▸ **Exercise material**
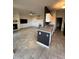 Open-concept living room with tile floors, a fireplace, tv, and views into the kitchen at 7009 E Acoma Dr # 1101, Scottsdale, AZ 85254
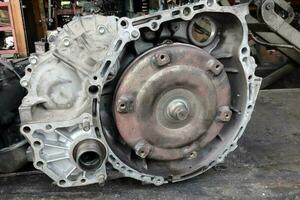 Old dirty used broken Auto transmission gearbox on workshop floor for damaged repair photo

* * *

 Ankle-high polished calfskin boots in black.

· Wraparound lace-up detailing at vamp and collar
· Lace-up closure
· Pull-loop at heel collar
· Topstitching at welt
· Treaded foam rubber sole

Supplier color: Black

...

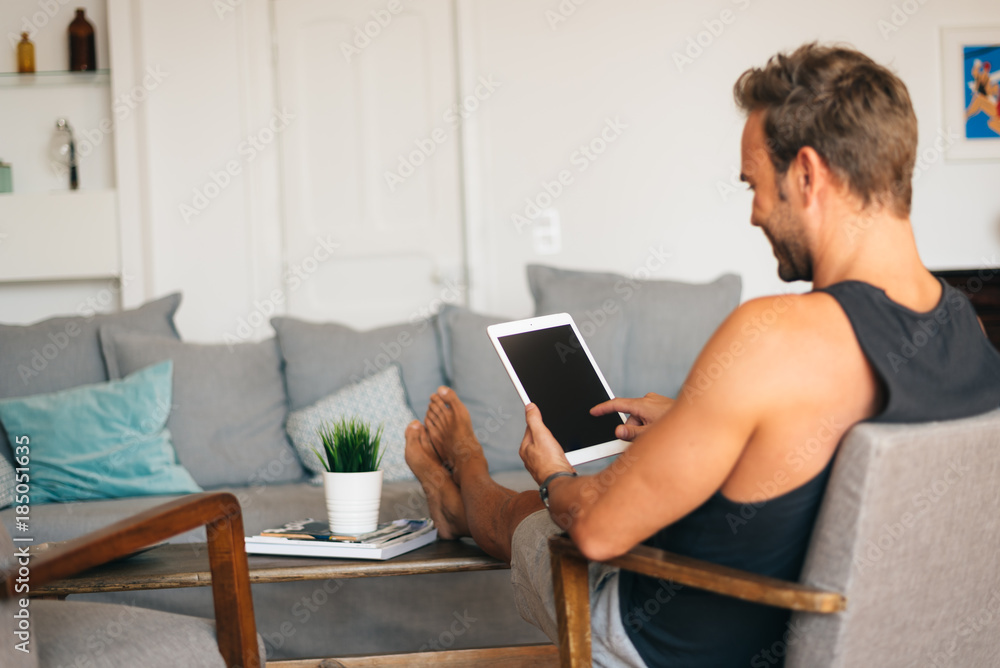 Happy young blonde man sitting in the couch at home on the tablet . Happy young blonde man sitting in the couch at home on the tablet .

▸ **How to complete this task**
State the number of lines in the material above in which the string "collar" appears, with no accompanying text.

▸ **Response**
2